ジーデップ・アドバンス、「宗谷グリーンデータセンターⅠ(仮称)」にGPUテストドライブを提供

 株式会社ジーデップ・アドバンスは28日、豊田通商株式会社と株式会社ユーラスエナジーホールディングス(以下、ユーラスエナジー)が共同で推進している「宗谷グリーンデータセンターⅠ(仮称)」に、PoC向けGPUテストドライブを提供すると発表した。

 宗谷グリーンデータセンターⅠ(仮称)は、ユーラスエナジーグループが北海道稚内市で運営する風力発電所「樺岡ウインドファーム」の隣接地に建設し、同発電所直結で「生グリーン電力」を供給するデータセンター。同事業では、豊田通商がデータセンターサービスの提供を、ユーラスエナジーが土地・建屋・生グリーン電力の供給をそれぞれ担当する。

 ジーデップ・アドバンスは、宗谷グリーンデータセンターⅠ(仮称)内に設置される豊田通商のコンテナ型データセンターにおいて、最新のGPUサーバーを活用し、地域の大学・研究機関・企業・自治体などを主な対象としたPoC向けGPUテストドライブ環境「GAT」を、豊田通商グループの株式会社ネクスティ エレクトロニクスと共同で提供する。

 合わせて、生成AI、デジタルツイン、エージェントAIといった先端分野に対応する、100%再生可能エネルギーを利用した高性能・高信頼のGPUクラウドサービスPoC環境の構築および検証を進める。

 2028年の本格稼働に向け、まずは最小構成のGPUクラスタを導入し、PoCフェーズとして運用を開始する。その後、段階的に設備規模を拡張し、分散型AIインフラの中核拠点としての機能を担っていく計画。これにより、首都圏に集中していたAI計算リソースを地方へ分散させ、災害や電力障害へのレジリエンスを高めるとともに、事業継続の観点からリスク分散を図る。

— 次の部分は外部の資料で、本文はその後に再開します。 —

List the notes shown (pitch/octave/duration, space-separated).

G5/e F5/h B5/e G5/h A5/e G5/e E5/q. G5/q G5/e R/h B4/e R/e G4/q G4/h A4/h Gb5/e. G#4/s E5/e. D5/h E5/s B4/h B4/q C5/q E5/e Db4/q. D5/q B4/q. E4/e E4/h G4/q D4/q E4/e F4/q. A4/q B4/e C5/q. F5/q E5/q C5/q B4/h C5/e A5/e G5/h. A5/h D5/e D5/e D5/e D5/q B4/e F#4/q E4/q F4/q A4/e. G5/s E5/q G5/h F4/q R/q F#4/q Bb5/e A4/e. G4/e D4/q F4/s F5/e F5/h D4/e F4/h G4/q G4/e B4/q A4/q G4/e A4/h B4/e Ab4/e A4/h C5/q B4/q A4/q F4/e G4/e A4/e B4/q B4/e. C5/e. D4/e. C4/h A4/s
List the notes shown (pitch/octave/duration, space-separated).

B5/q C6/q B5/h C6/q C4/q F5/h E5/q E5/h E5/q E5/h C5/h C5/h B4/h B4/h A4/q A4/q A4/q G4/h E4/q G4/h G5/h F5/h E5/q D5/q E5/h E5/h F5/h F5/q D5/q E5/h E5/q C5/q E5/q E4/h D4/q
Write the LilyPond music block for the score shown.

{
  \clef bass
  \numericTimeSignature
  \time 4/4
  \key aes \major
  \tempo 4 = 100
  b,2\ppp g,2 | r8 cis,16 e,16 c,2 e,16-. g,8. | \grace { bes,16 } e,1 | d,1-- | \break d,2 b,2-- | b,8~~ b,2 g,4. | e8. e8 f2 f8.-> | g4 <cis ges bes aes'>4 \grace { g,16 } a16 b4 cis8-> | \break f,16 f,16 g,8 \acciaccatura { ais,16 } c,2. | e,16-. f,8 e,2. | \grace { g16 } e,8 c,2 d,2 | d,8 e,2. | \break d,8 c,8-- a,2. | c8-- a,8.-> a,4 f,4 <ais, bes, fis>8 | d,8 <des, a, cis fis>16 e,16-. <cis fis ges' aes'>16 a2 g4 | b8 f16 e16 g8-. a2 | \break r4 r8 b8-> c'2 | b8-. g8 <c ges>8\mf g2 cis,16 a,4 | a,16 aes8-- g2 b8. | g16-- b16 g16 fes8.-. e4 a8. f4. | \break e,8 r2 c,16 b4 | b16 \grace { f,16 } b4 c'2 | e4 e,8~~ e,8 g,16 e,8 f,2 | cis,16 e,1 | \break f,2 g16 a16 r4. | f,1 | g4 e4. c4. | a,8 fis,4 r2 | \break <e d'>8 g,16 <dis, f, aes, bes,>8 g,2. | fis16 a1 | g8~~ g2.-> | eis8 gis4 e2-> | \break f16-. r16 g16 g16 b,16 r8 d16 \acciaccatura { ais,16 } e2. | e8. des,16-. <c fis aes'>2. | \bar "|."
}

 さらに、AIを活用した地域産業や教育・研究機関への基盤支援を通じて、社会インフラの多拠点化を推進する。大学・研究機関、製造業、自動運転開発など幅広い分野でユースケースの展開を進めることで、単なるクラウドサービスにとどまらない、「分散型AI社会」を支えるインフラの一翼を担うことを目指すとしている。